Monthly Archives: April 2012

My name

Thanks to Paul for telling me about my name day: “Jörn (Der eberstarke, mutige, gute Freund)” (Jörn, the boar-strong, brave, good friend). Actually it’s fun to read the Plattdüütsch version which says as much as that it comes from Jürgen, and that one comes from Georg, but as people speaking that dialect were “mundfuul” (talk-lazy) they shortened it to Jörn :D (and i can really read it)

The English Wikipedia told me that I’m actually a village (yay, we all love RDF, don’t we? At least the de.dbpedia.org knows more.)
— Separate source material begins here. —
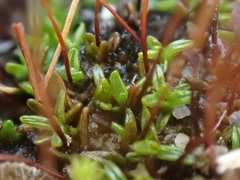Aloina rigida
Oh and there’s a trainstation with my name on it.

Lovely.

Git ad-hoc sharing

I recently found quite a cool way for easy sharing sharing of git code between two machines in a LAN or WLAN (as easy as in mercurial). The following command creates a git alias called “serve” (you only need to run this once so you don’t have to manually call git daemon ... each time):

git config --global alias.serve 'daemon --reuseaddr --base-path=. --export-all --verbose'

Get your IP with ifconfig. After this you can just cd into your code directory, (where the .git dir is)  and then run:

git serve

This will host a small git daemon (server) and you can stop it any time with CTRL+C. While still running simply run this from the fetching computer (client):

git clone git://the_server_ip/

You can also run the server in a parent directory and actually serve multiple git repositories. If you do you need to include the relative path information to the .git-dir containing directory on the client side:

git clone git://the_server_ip/your/subdirs/here/

Subsequent calls like git fetch should also work. If the IP changes just change the origin remote’s link.